Cross Border Services Dimension
The last dimension measured in this assessment is the Cross Border Services. This dimension assesses governments’ ability to provide businesses and citizens from other European countries seamless access to online public services. Once again, Malta is the top performer with an overall score of 90%, 35 percentage points above the EU average.
The eGovernment Benchmarking assessment is key to continuous improvement. Government Departments, Entities and Agencies are implementing digitalisation and modernisation initiatives, to continue providing citizens and business best-in-class services.
Malta must be proud of this success.
The eGovernment Benchmark 2021 Insight and Background Reports are available at
06.11 Implementing the Single Digital Gateway in Malta
The Single Digital Gateway (SDG) is intended to facilitate online access to the information, procedures, and assistance services that citizens and businesses need to get active in another EU country. The Ministry for the Economy and Investment requested MITA to help with the implementation of the SDG in Malta, in line with our recently launched corporate strategy and our ambitious programmes for Digital Transformation.
The SDG envisages a once-only technical system set up for the transmission of the electronic evidence required for the fulfilment of procedures across borders. The principal benefit expected from the system is the authenticity of the evidence which will be provided by approved sources.

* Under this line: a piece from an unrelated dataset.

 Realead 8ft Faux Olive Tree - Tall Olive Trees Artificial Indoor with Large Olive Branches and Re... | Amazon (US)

To illustrate the process, for an Italian citizen to access a cross-border service to register for a second degree offered by an education institute in Malta, she would first authenticate to the service with her Italian credentials using the eIDAS Node. Subsequently, the service would ask the Evidence Broker what type of evidence is required to fulfil the criterion for eligibility which in this case is the completion of a first degree. The broker would inform the service that the required evidence type is a first-degree certificate. The service would then ask the Data Services Directory from where to obtain such a certificate from Italy, and the directory would respond with the location of one or more data providers.

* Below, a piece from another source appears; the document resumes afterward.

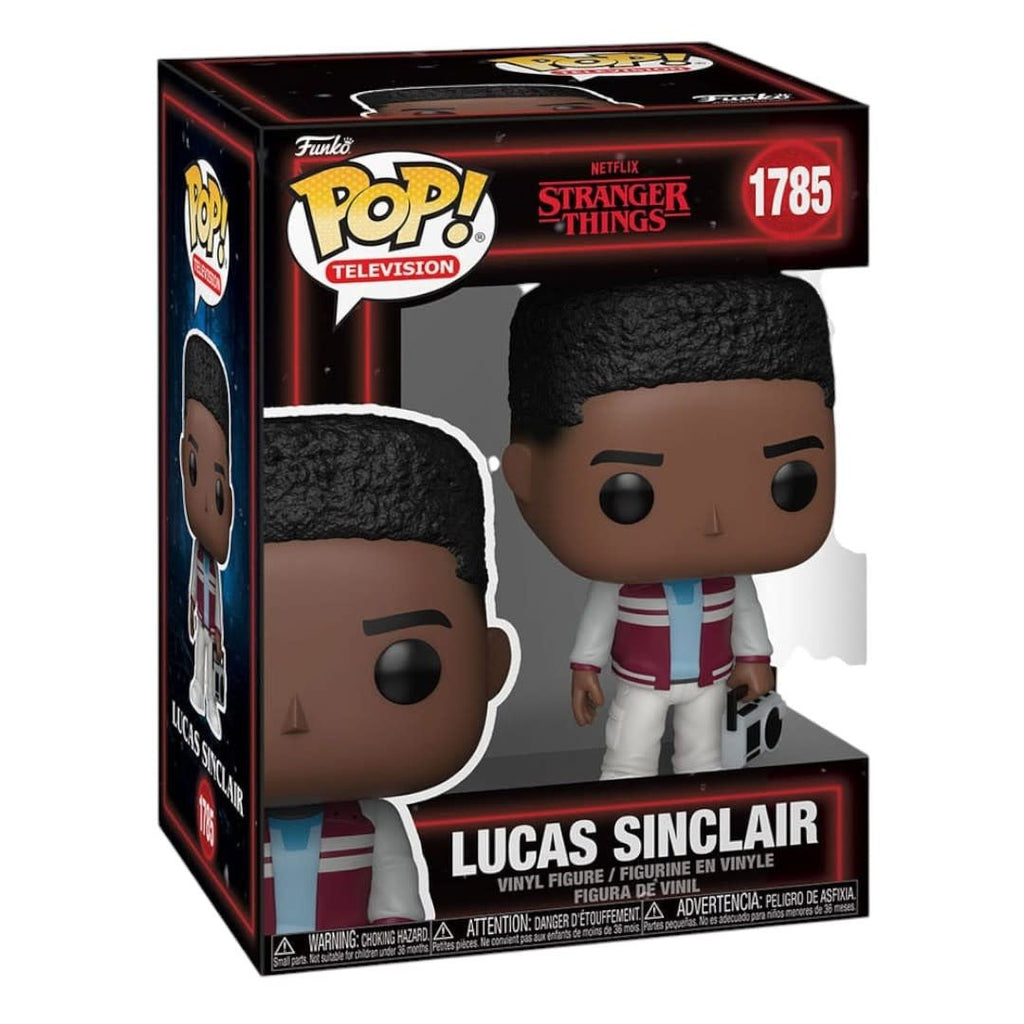Stranger Things POP! Television Vinyl Figures Lucas Sinclair with Boombox - Fans Geek Store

The service would then be required to ask the user for an explicit request to seek the evidence from the selected data providers. If such authorisation is granted by the user, the service would then use the eDelivery system to submit a request for evidence. Upon receiving the information, the service would be required to allow the user to preview the evidence prior to using this within the procedure.
It has been confirmed that the CEF eDelivery building block will be adopted as is in the SDG technical specifications. To de-risk the project, MITA immediately set out to implement this part using our Cloud-based technologies. eDelivery uses a decentralised four-corner model messaging topology, allowing communication between different parties without setting up bilateral channels.
In conclusion, the SDG represents the biggest attempt made so far by Europe to achieve widespread cross-border digital connectivity and the project presents several interesting business-related, legal and technical challenges. MITA is very well positioned to facilitate this transformational journey in Malta by providing technical expertise and building the shared services required to achieve these objectives.